By Abdul Quayyum Khan Kundi
Before assessing today’s geopolitical turbulence, it is essential to revisit the foundational sources of power and the hierarchy they create in the international system.
Geopolitical power rests on three principal pillars: diplomatic reach and alliance-building capacity; military capability; and the size, productivity, and innovative strength of an economy. Mere economic output is insufficient—efficiency, technological advancement, and institutional resilience matter just as much.
Based on these criteria, states can be broadly categorized into three tiers. At the top are superpowers, possessing global reach and the ability to shape international outcomes across regions. Below them are bridge or regional powers, which exert decisive influence within their neighborhoods and often act as intermediaries between major powers. At the base are satellite states, which lack independent leverage and align themselves with stronger actors to ensure security and relevance.
At present, only two countries qualify as true superpowers: the United States and China. A second tier of influential regional powers includes Russia, Brazil, South Africa, Turkey, Iran, and Germany. Most other states operate within the gravitational pull of these actors. What makes the current moment historically significant is that several middle powers now possess the potential—under the right conditions—to evolve into future superpowers. Among the most notable contenders are Turkey, Brazil, and Germany.

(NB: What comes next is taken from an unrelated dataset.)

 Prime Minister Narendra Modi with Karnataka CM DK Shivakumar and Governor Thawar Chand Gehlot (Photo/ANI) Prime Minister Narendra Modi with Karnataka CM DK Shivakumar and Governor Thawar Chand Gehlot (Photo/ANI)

This evolving dynamic was evident as early as 2018, when the competition between Turkey and Iran for regional influence became increasingly pronounced. While Saudi Arabia has often been considered part of this contest, its limited diplomatic depth and constrained military autonomy have prevented it from matching the strategic sophistication of Ankara or Tehran. Between Turkey and Iran, Turkey has consistently held structural advantages: a diversified economy, long-standing relations with Western institutions, extensive historical familiarity with the Middle East, and a capacity to mobilize popular sentiment across the Muslim world.
Over the past decade, these advantages have translated into tangible outcomes. Turkey has steadily expanded its regional footprint while Iran’s influence has come under sustained pressure. In Syria, Ankara has effectively marginalized the Iranian-aligned Assad regime in key areas and supported political arrangements aligned with Turkish interests. In Lebanon, Iranian leverage through Hezbollah has weakened amid sustained American and Israeli pressure. In the South Caucasus, Turkey played a decisive role in Azerbaijan’s success against Russian-backed Armenia, reshaping the balance of power in the region and resolving the long-standing Nagorno-Karabakh conflict.
Iraq remains the final arena where Iran retains significant influence, though even there its position appears increasingly fragile. Notably, Turkey has achieved these gains without provoking direct confrontation with Iran, maintaining a pragmatic and largely stable bilateral relationship that has endured, with interruptions, for more than three centuries.
Turkey’s ambitions, however, extend beyond incremental regional influence. The country increasingly views itself as a civilizational power with historical continuity stretching back to the Ottoman era. Just as President Vladimir Putin has drawn on Russia’s imperial past to frame Moscow’s global role, President Recep Tayyip Erdoğan has invoked Ottoman history to legitimize Turkey’s renewed strategic assertiveness. The central uncertainty lies not in Turkey’s trajectory, but in succession: whether this vision can be institutionalized and sustained beyond Erdoğan’s tenure.
Saudi Arabia, by contrast, presents a different picture. Despite immense financial resources and an energetic young leadership, the kingdom has struggled to translate wealth into coherent regional strategy. Its foreign policy often appears reactive rather than disciplined, and its multiple defense partnerships—ranging from Pakistan to Egypt and Somalia—suggest breadth without focus. Moreover, the strategic centrality of oil has diminished in global markets, reducing Riyadh’s traditional leverage.
The kingdom has also been unable to consolidate leadership within the Gulf. The United Arab Emirates now competes directly with Saudi Arabia across several theaters, including Yemen, Sudan, Libya, and the Horn of Africa, while Qatar has positioned itself as a diplomatic intermediary, hosting negotiations and peace talks in a role reminiscent of Switzerland’s traditional neutrality.
Meanwhile, the two existing superpowers face profound internal constraints. The United States continues to grapple with deep political polarization, placing strain on democratic norms and encouraging a more inward-looking posture. China, although economically formidable, confronts demographic decline and the limitations of a closed political system that complicates alliance-building. President Xi Jinping’s decision to dismantle established succession norms has further introduced uncertainty into China’s long-term strategic outlook.
As a new global order gradually takes shape, the coming quarter century will be decisive. Power will not shift overnight, but the foundations are already being laid. Whether Turkey, Brazil, or Germany can ultimately transcend regional status and attain superpower standing will depend on leadership continuity, economic resilience, institutional strength, and the ability to inspire durable partnerships.
What is clear is that the era of unchallenged dominance is fading. The future will be defined not by a single hegemon, but by a more complex and competitive distribution of power—one in which agile middle powers may play a far greater role than ever before.